This is the mail archive of the gcc-patches@gcc.gnu.org mailing list for the GCC project.


Index Nav: [Date Index] [Subject Index] [Author Index] [Thread Index]
Message Nav: [Date Prev] [Date Next] [Thread Prev] [Thread Next]
Other format: [Raw text]

Speedup genautomata.c


Hi,

besides from genattrtab (on which I'm planning to send an updated speedup
patch soon) also genautomata is a major serialization point in a parallel
build, on ia64 (and only there).  Basically all the time there is spend in
minimizing the resulting DFAs, like so:

 transformation: 0.276958, building NDFA: 7.479862, NDFA -> DFA: 14.161846
 DFA minimization: 184.686922, making insn equivalence: 0.009999
 all automaton generation: 206.529603, output: 2.788576

Ouch.  Some gprofing and thinking reveals that the huge number of calls to
state_is_differed and it's relative slowness are the reason for this.  
The insight to fix this is to see that the presence set for the first
cycle for each state (which is one part of the equivalence relation which
the process tries to work out) does not change during splitting the
equivalence classes.  Hence it can be cached before starting to build the 
equivalence classes (the new presence_signature member).
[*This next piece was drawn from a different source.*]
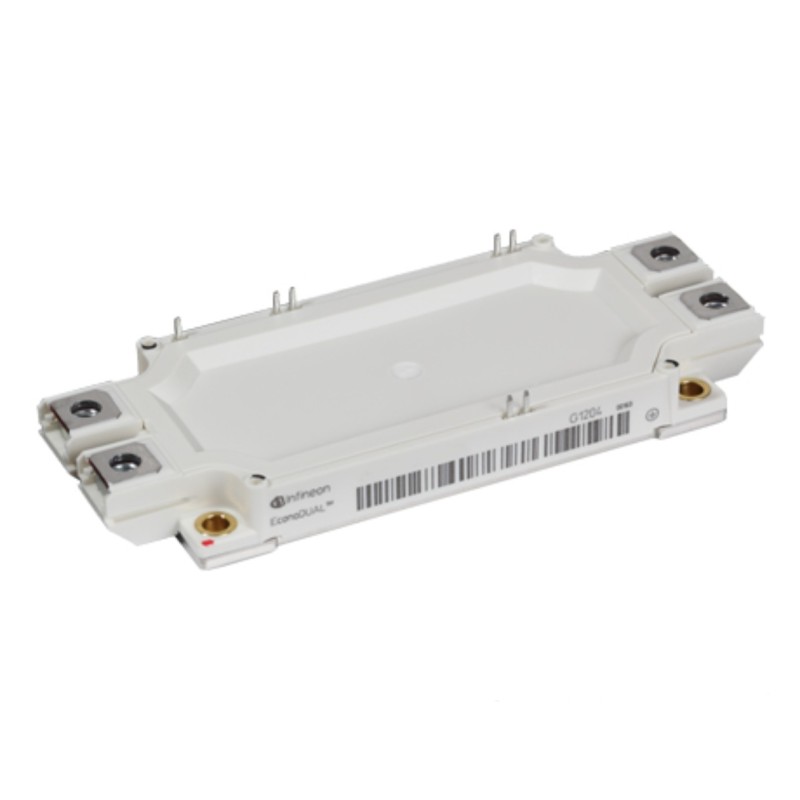 10 pcs - Infineon FF450R12ME7B11BPSA1 Dual IGBT Module, 450 A 1200 V AG-ECONOD, Chassis Mount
Initially I was just going to build a hash value from that presence set in
order to just speedup the non-equalness case in state_is_differed, 
which was already cool:

 transformation: 0.285956, building NDFA: 7.449868, NDFA -> DFA: 14.145851
 DFA minimization: 10.024475, making insn equivalence: 0.009998
 all automaton generation: 31.821163, output: 2.779577

but then I saw that in fact the set is not that large and can be just
memoized completely in the state.  That created the opportunity to do even
better, namely to sort all states beforehand on that presence set and
create a better initial approximation of the equivalence classes (only
those with the same presence set can be in one eq-class at all, which can
be found out in linear time when going over a sorted set).  As splitting
of eq-classes is quadratic in the number of elements at worst this speeds
up the worst case quite some more, like so:

 transformation: 0.280956, building NDFA: 7.459866, NDFA -> DFA: 14.270830
 DFA minimization: 3.393484, making insn equivalence: 0.012999
 all automaton generation: 25.329150, output: 2.802574

Also the number of out arcs (another criteria for the equivalence) doesn't 
change, or better said, can be trivially tracked in the add_ and 
remove_arc code, so that's another sort criteria.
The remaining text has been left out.